Cette mesure, qui entre en vigueur ce mois-ci, concernera les bonus qui seront versés en 2015, au titre de l'exercice 2014. Bonus qui devront désormais représenter au maximum 100% du salaire fixe annuel des banquiers, voire 200% si au moins 66% des actionnaires donnent leur aval lors de l'assemblée générale de la banque.

 La City concentre les deux tiers des banquiers concernés par le plafonnement des bonus

Si cette mesure s'applique à l'ensemble des banques européennes - y compris à leurs salariés travaillant à l'étranger -, ainsi qu'aux collaborateurs des banques étrangères basés en Europe, c'est cependant le Royaume-Uni qui se retrouve en première ligne. La City n'étant autre que la principale place financière mondiale, elle concentre les deux tiers des 35.117 banquiers concernés par le plafonnement des bonus, selon la British bankers association.

Or c'est un euphémisme de dire que les banquiers de la City jouissent de bonus confortables : ceux versés par JPMorgan, Goldman Sachs, Bank of America, Barclays et Credit Suisse à leurs salariés britanniques au titre de 2012 ont représenté entre 3,3 et 5,4 fois leur salaire fixe annuel, selon les calculs de » Reuters.

 Le risque d'une fuite des cerveaux vers New York et l'Asie

 C'est dire si un plafonnement de leurs rémunérations variables à une ou deux fois leur fixe risque d'inciter les banquiers londoniens à s'exiler à New York, Hong Kong ou Singapour.
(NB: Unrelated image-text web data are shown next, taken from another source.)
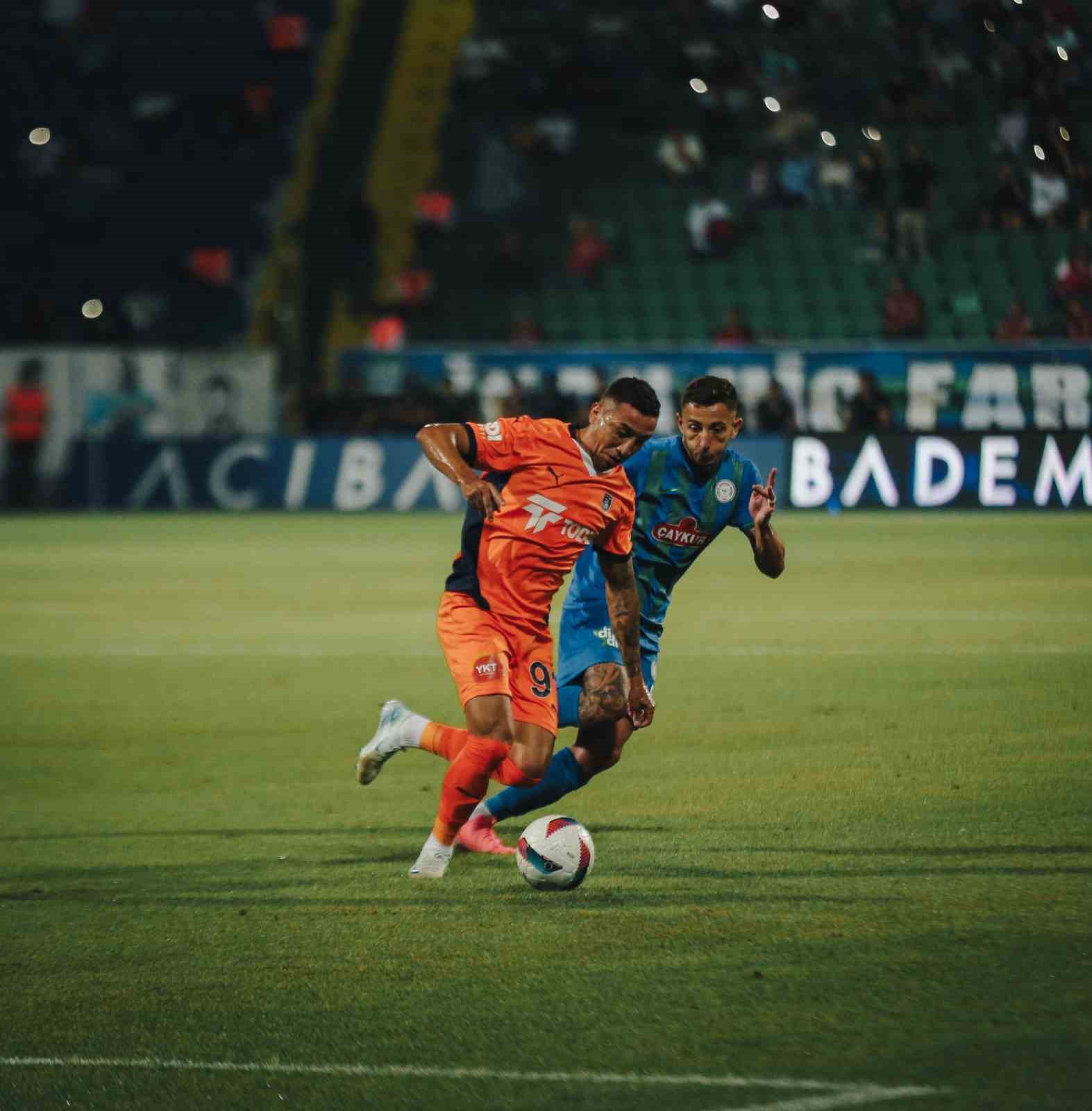 Trendyol Süper Lig: Çaykur Rizespor: 1 - Başakşehir: 1 (Maç Sonucu)
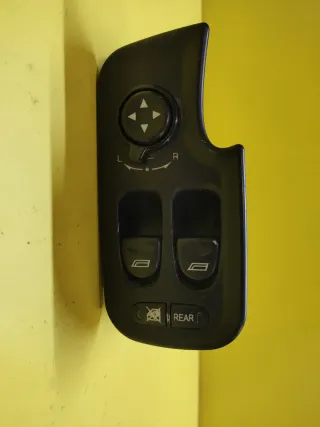 BOTONERA ELEVALUNAS ELECTRICOS ALFA 147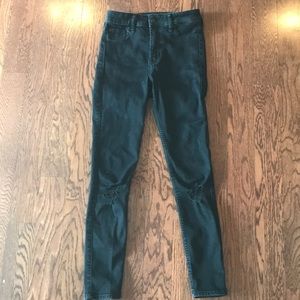 Blacks Hollister skinny jeans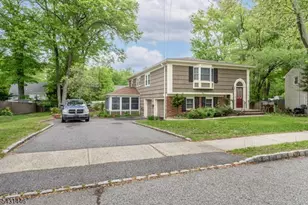 1 Ash Ln, Parsippany, NJ 07034 - Photo 34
La City risque d'autant plus de perdre en compétitivité face aux autres places financières mondiales que, pour compenser le plafonnement des bonus, les banques opérant au Royaume-Uni seront tentées d'augmenter les salaires fixes.

 Ce qui rendra leur base de coûts moins flexible en cas de ralentissement de leur activité. Une question qui préoccupe à ce point le gouvernement du Premier ministre David Cameron que ce dernier avait formulé un recours contre la décision de l'Union européenne devant la Cour de justice européenne, à l'automne dernier.

 Les banques britanniques en veine de créativité

Mais que David Cameron se rassure. Les banques britanniques ont des idées à revendre pour contourner le plafonnement des bonus. A commencer par le versement d'indemnités en cash ou en actions. N'étant pas fonction de la performance des banquiers, elles ne sont pas considérées comme des bonus. HSBC, la première banque britannique, projetterait de verser de telles indemnités à ses mille plus hauts collaborateurs, à une fréquence trimestrielle. Barclays pourrait en faire autant, mais à un rythme mensuel. D'autres options résident dans l'octroi de prêts non remboursables aux banquiers, à condition qu'ils restent un certain nombre d'années dans l'établissement. Ou bien dans une hausse des contributions patronales aux retraites.

Conséquence, Simon Gorham, associé senior au sein du cabinet d'avocats Taylor Wessing, doute que la City subisse une fuite des cerveaux vers les contrées soi-disant plus hospitalières des Etats-Unis ou de l'Asie. D'autant moins que l'Autorité bancaire européenne, dans sa grande mansuétude, ou peut-être plutôt sous la pression du lobby bancaire, a décidé, mi-décembre, que seuls les banquiers prenant de véritables risques seraient soumis à un plafonnement de leur bonus. Ce qui ramène leur nombre de 40.000 à 28.000 en Europe.